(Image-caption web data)
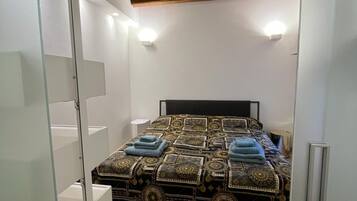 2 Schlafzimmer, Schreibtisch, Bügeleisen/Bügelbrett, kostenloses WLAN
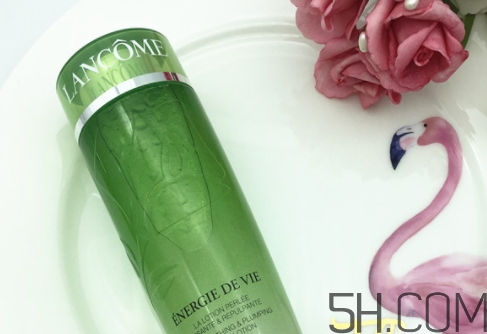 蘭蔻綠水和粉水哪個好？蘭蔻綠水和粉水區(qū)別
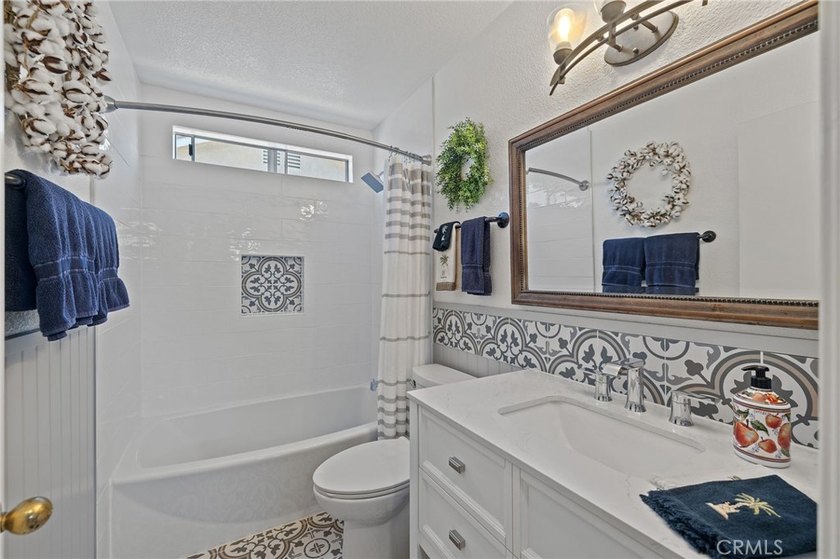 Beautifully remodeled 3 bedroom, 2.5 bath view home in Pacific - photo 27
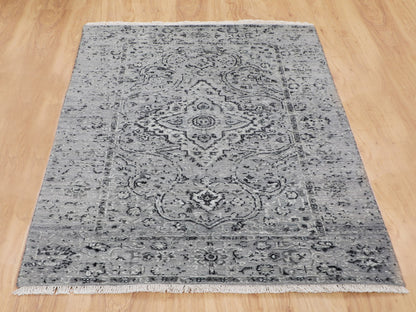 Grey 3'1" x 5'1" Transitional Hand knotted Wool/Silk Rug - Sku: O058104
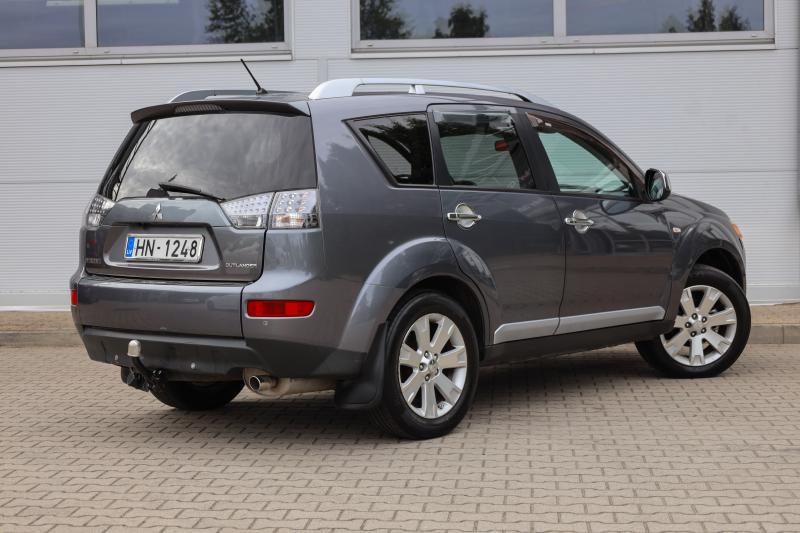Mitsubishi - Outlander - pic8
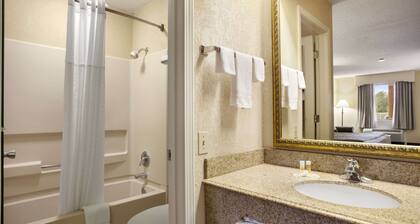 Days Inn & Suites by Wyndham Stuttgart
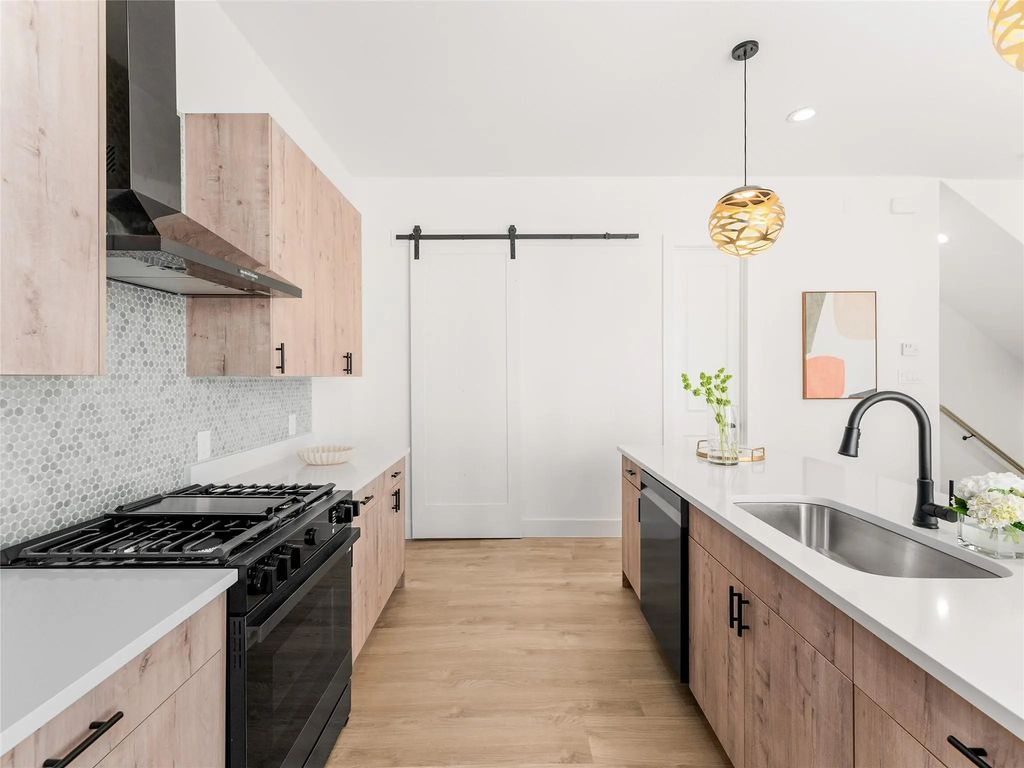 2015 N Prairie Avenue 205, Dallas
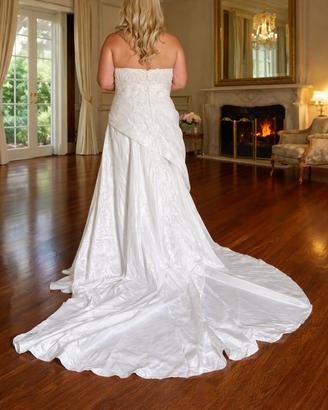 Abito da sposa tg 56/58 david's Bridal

- _WHAT TO PRODUCE_:
Beginning with the line that contains "Mitsubishi - Outlander - pic8" in the data above, please copy each line exactly until the last line, both ends included, skipping any pictures.

- _WRITTEN RESPONSE_:
Mitsubishi - Outlander - pic8
 Days Inn & Suites by Wyndham Stuttgart
 2015 N Prairie Avenue 205, Dallas
 Abito da sposa tg 56/58 david's Bridal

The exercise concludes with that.